Yes, it would, actually, Jami. My pendulum is very powerful, but because I've inclined its power axis, it has a relatively small arc of movement compared with a horizontal power axis. That doesn't matter, because you operate it in a similar manner to the aux rudder/fixed main rudder. You shorten in on the line that's pulling the main rudder's tiller to weather, so that the pendulum is staying within its central arc of movement but the main rudder is at an angle of weather helm. This is similar to setting to fixing the main rudder at an angle of weather helm so that the smaller aux rudder is able to stay within a small angle of incidence and not stall out. That's the story upwind.
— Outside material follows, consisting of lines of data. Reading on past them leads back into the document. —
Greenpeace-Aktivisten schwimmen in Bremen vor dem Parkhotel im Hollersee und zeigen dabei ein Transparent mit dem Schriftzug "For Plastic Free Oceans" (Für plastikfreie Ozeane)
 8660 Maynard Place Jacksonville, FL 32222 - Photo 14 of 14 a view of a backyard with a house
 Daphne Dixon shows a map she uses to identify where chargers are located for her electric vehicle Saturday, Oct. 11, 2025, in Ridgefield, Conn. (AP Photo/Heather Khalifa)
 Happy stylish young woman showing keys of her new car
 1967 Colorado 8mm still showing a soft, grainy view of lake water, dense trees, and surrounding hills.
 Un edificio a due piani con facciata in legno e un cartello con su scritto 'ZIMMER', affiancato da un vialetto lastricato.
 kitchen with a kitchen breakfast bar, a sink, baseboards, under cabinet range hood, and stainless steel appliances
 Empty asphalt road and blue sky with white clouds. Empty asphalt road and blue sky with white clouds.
Downwind, it's a different story. A fixed main rudder is giving you passive resistance to yawing, like a skeg, as the aux rudder is making course corrections as the swells roll underneath. Whereas a pendulum is actively sensing the yawing, and making the main rudder actively fight against a yaw. In both cases, though, there is no biassing applied on the main rudder or the steering lines - they are both centralised.
Note how the Hydrovane has a knob for adjusting the ratio of vane angle/rudder angle movement. This will be for tuning the performance for different conditions, and is probably the reason why the Hydrovane is liked and preferred to the pendulum gears by some sailors, but it would be difficult to steal that idea and apply it to a home made gear. The Hydrovane scores most highly over the pendulums with wheel steering, which cripples a pendulum's performance, whereas an aux rudder is unaffected. With tiller steering, I reckon the pendulums to have the edge.
All in all, my money's on a pendulum like mine as the best bet for your particular configuration of stern and rudder, but I have had (in the dim and distant past, so I don't remember it well) "good enough" performance from an aux rudder and inclined axis vane.
Note what I've described here about a peculiar effect that I found with insufficient inclination of the vane axis, or none - if the boat rolls to windward, the vane axis can actually go negative, and then the vane can go unstable and throw from full angle one way to full angle the other way, with chaotic results. Stick with an inclined angle vane axis, not a Belcher-style horizontal axis.